2.10. Bioinformatics
MS/MS spectra were searched against the human protein database Uniprot (release 2011_03, total number of entries of 20234) using the SEQUEST search engine (Thermo Fischer scientific) contained within the Bioworks software suite (Thermo Fischer Scientific). The search parameters were the following: monoisotopic precursor and fragment ion mass with the tolerance of 1Da. Carbamidomethylation on Cysteine was considered as fixed modification and up to 4 modifications were allowed per peptide. ΔCn ≥ 0.1 and peptide probability <0.001, cross correlation (XCorr ≥ 1.9, 2.5, and 3.8 for singly, doubly, and triply charged ions, respectively were used for peptide identification.

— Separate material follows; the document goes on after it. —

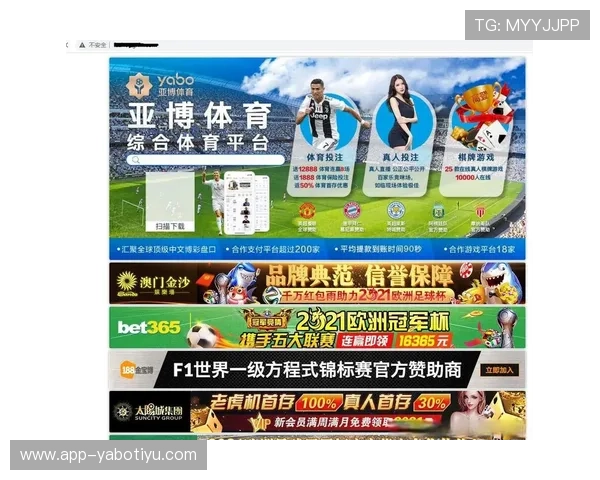 亚博体育游戏网址无需担心封号，安全可靠的官方入口推荐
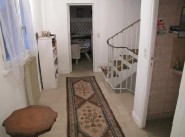 Achat vente maison Sceaux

2.11. Statistical Analysis
Multivariate statistical analysis of HILIC profiling data was performed using Umetrics Simca-P+ software version 11.5 (Umetrics Inc, San Jose, USA). Non-parametric Wilcoxon (signed rank) test were performed and box plots were generated using PASW Statistics 18 (IBM, NY, USA) to evaluate the differences in each experimental parameter for patients before and after surgery. P values <0.05 were considered statistically significant.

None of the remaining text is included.